Senior Data Engineer with 13+ years of experience architecting and optimizing large-scale, cloud-native data platforms across AWS, Azure, and GCP. Expert in building high-performance, fault-tolerant data ecosystems using Spark, Flink, Kafka, Delta Lake, and modern Data Mesh and Lakehouse architectures. Skilled in developing streaming and batch pipelines, implementing CDC frameworks, and enforcing metadata-driven governance, lineage, and observability at enterprise scale. Proficient in Python, Scala, Rust, SQL, and Terraform, with advanced expertise in schema evolution, data virtualization (Trino, Denodo, Starburst), and distributed query optimization. Adept at enabling feature stores, real-time analytics (Pinot, Druid, Materialize), and ML data pipelines, while driving platform scalability, cost efficiency, and DataOps automation across complex, federated data environments.
1. Multi-Cloud Lakehouse Integration Platform
Tech: Delta Lake, Apache Iceberg, Spark, Airflow, Dagster, AWS, Azure, Apache Atlas, OpenMetadata
Description:
Designed and built a unified multi-cloud Lakehouse platform enabling cross-cloud analytics across AWS and Azure. Implemented Delta Lake and Apache Iceberg for versioned storage, schema evolution, and ACID guarantees. Created metadata-driven ingestion workflows using Airflow and Dagster with full lineage tracking via Apache Atlas and OpenMetadata. Introduced modular data zones, governed schema propagation, and scalable compute layers for structured, semi-structured, and unstructured workloads.
2. Real-Time Streaming & CDC Pipeline Framework
Tech: Apache Flink, Kafka Streams, Kafka Connect, Debezium, Kubernetes, Terraform
Description:
Engineered a distributed streaming framework delivering continuous data synchronization across operational and analytical systems. Implemented Debezium-based CDC flows for relational sources and built transformation layers with Flink and Kafka Streams. Containerized and deployed the entire stack on Kubernetes using Terraform for infrastructure provisioning. Added schema-registry-driven compatibility rules and event routing patterns for consistent, deterministic streaming behavior across microservices.
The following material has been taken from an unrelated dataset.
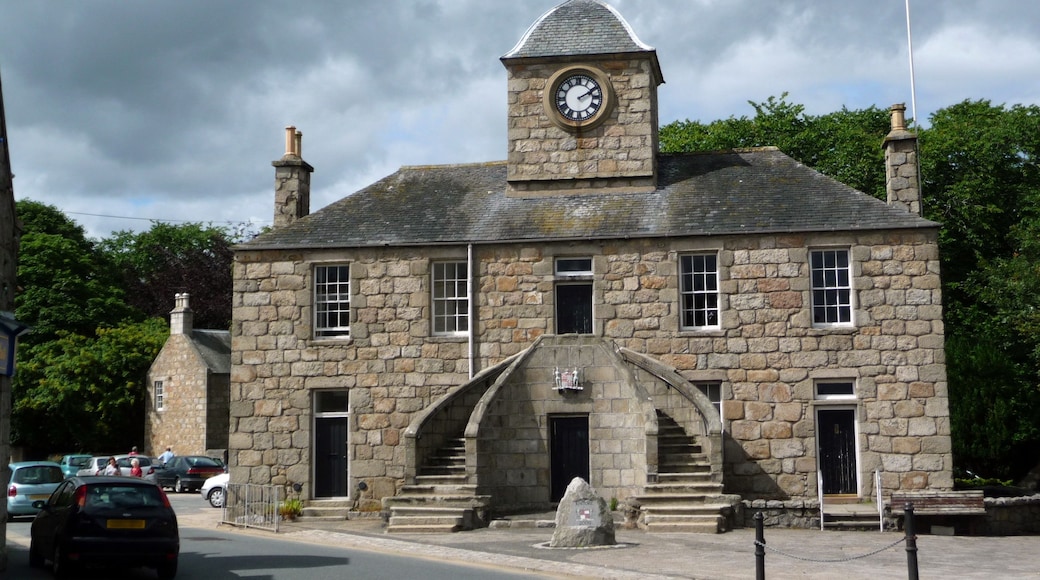 A stone building with a clock tower, a staircase leading to the entrance, and parked cars on the street.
3. Data Quality & Observability Automation Layer
Tech: Spark, Python, Deequ, Great Expectations, Prometheus, OpenTelemetry, Grafana
Description:
Developed a comprehensive DataOps observability stack combining data validation, lineage propagation, and pipeline health monitoring. Automated quality checks using Deequ and Great Expectations integrated directly into Spark ETL and ELT workflows. Implemented OpenTelemetry-based tracing across pipelines and instrumented Prometheus exporters for systemlevel metrics. Built Grafana dashboards for operational visibility, schema drift detection, anomaly surfacing, and pipeline reliability insights.